With occasional reflection on the perpetual absurdity/intrigue of life and society in general.

Monday, August 22, 2022

Editorial: Decline & Fall of the Scarlet "N" - by Cullen Wade


On the summer solstice of 2005, I joined an upstart DVD-by-mail rental service called Netflix. The first DVD I rented was Last House on Dead End Street, followed by Blood Feast & Nightbreed
Today, over 17 years later, after much hemming & hawing, I finally canceled my membership.
My relationship with Netflix has been longer than any romantic relationship I've been in, any job I've had, any place I've lived. When I returned from overseas in 2010, I found that I finally had fast enough internet to use their new streaming service, so I started taking advantage of that, though I didn't start streaming regularly until I moved to Charlottesville in summer 2011, plugging my Macbook into my big boxy CRT television with a mini DVI to composite video adapter.

Around 2015, I started to notice that Netflix was slowly but surely removing its archival back catalogue from streaming while simultaneously pouring tons of money into its original programming--which, with a few exceptions, I never thought was very good. These trends snowballed over the next several years. I've probably been talking about canceling Netflix since 2018 or so. But there was still enough interesting programming to keep me hanging on, & through it all I continued to use the DVD mail service.

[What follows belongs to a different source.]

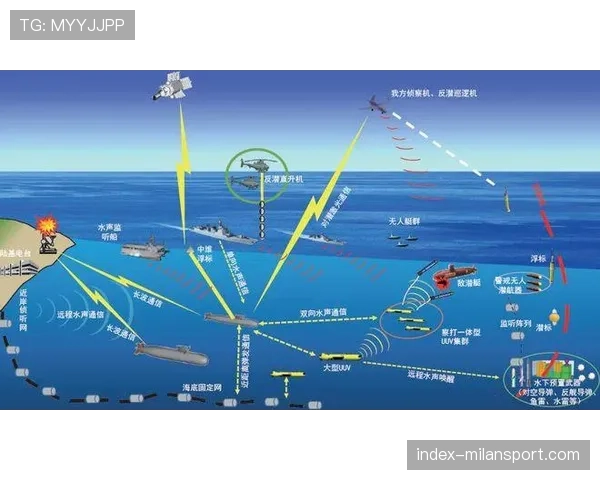 波尔图攻防体系协同高效 多点开花让对手难以针对性布防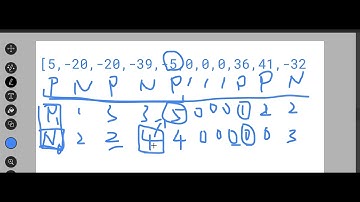 O(N) Maximum Length of Subarray With Positive Product - Leetcode 1567.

Over the past 2 or 3 years, though, I've noticed an even more insidious trend. I am pretty much convinced that Netflix original programming is not being made by humans anymore. At the bare minimum through the conceptualization & treatment stage, if not all the way through screenwriting & preproduction, I think these shows & films are being created by AIs that crunch massive amounts of customer analytics & spit out entertainment calculated to please various sizes of viewership cross-sections. As an artist & as someone who would love to make films one day, that offends me. It's even worse when it works. For instance, the Netflix original series Archive 81 seemed precisely calculated to appeal to me--me, specifically--from subject matter & writing all the way down to style & casting. I don't want that. I don't want to feel like a guinea pig for a robot focus group.

Let's go back to those first 3 DVDs I rented from Netflix. Roger Watkins's Last House on Dead End Street, H.G. Lewis's Blood Feast, & Clive Barker's Nightbreed are all intensely personal, quirky films full of their creators' auteurist obsessions. They are not wholly successful films. (I won't even argue that the first 2 are even good films.) They are messy & ambitious & ragged & human.

That's what film discovery has always been for me. I don't want to be spoonfed algorithmically perfect content anymore. I want to be left alone to discover my own weirdness. I want to buy random dollar store DVDs, I want to crowdfund indie dreamers, I want poke around in neglected corners of the internet for backyard SOV opuses with single-digit views on Letterboxd. I want to support freaks & weirdos making films outside anything recognizable as a "system" but at least they're made with authenticity & fucking passion. I don't want to be told what I'll like. I want to discover that for myself.

The more universal story here is how David slew Goliath & then indulged in gluttonous excess until he ended up taking the giant's place. But my personal story is a lot simpler: I miss humanity.

So goodbye & good riddance, Netflix. You did this to yourself.